**PROBLEM DESCRIPTION**
Leave the images aside and repeat the whole listing exactly.

**DATA SUPPLIED**
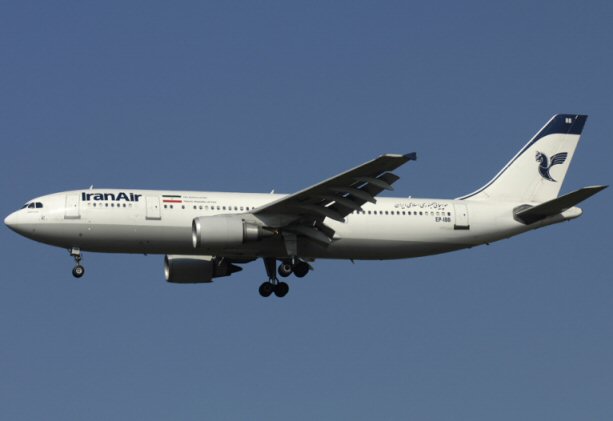 Un avion de Iran Air heurté par un véhicule de piste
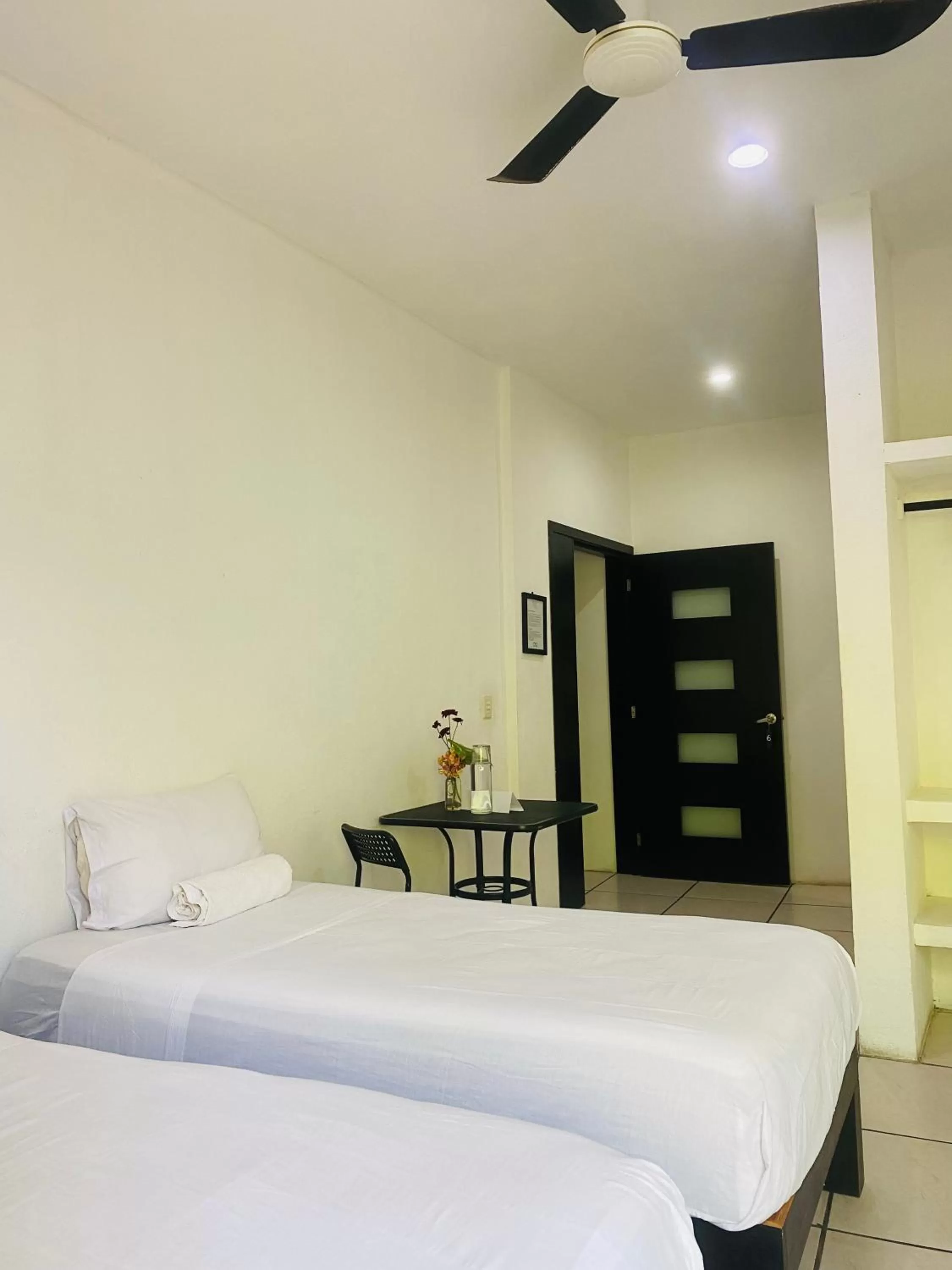 Photo of the whole room, Bed in Casa TACUBA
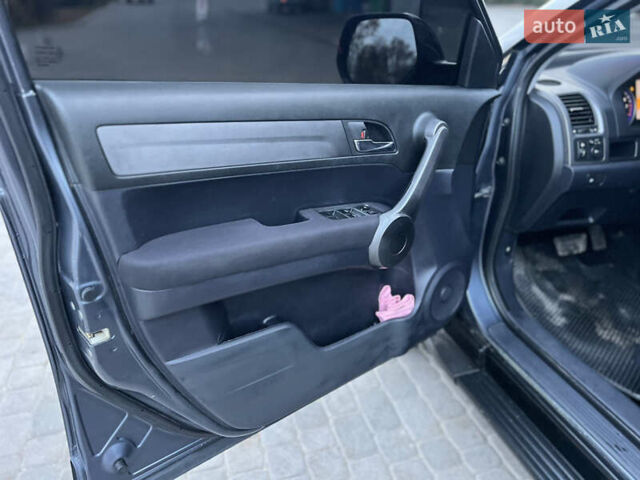 Сірий Хонда СРВ, об'ємом двигуна 2 л та пробігом 238 тис. км за 9499 $, фото 14 на Automoto.ua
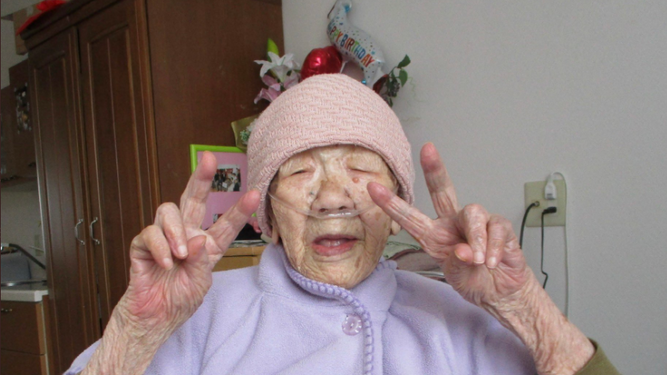 Kane Tanaka, la persona más anciana del mundo.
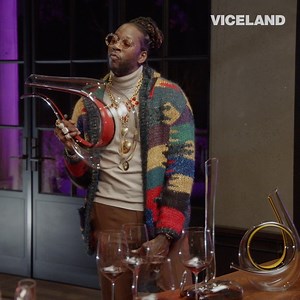 Apprenez à décanter le vin dans la tradition avec 2 Chainz dans MOST EXPENSIVEST. DIMANCHE. 22H. SUR VICELAND | VICE TV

**WRITTEN REPLY**
 Un avion de Iran Air heurté par un véhicule de piste
 Photo of the whole room, Bed in Casa TACUBA
 Сірий Хонда СРВ, об'ємом двигуна 2 л та пробігом 238 тис. км за 9499 $, фото 14 на Automoto.ua
 Kane Tanaka, la persona más anciana del mundo.
 Apprenez à décanter le vin dans la tradition avec 2 Chainz dans MOST EXPENSIVEST. DIMANCHE. 22H. SUR VICELAND | VICE TV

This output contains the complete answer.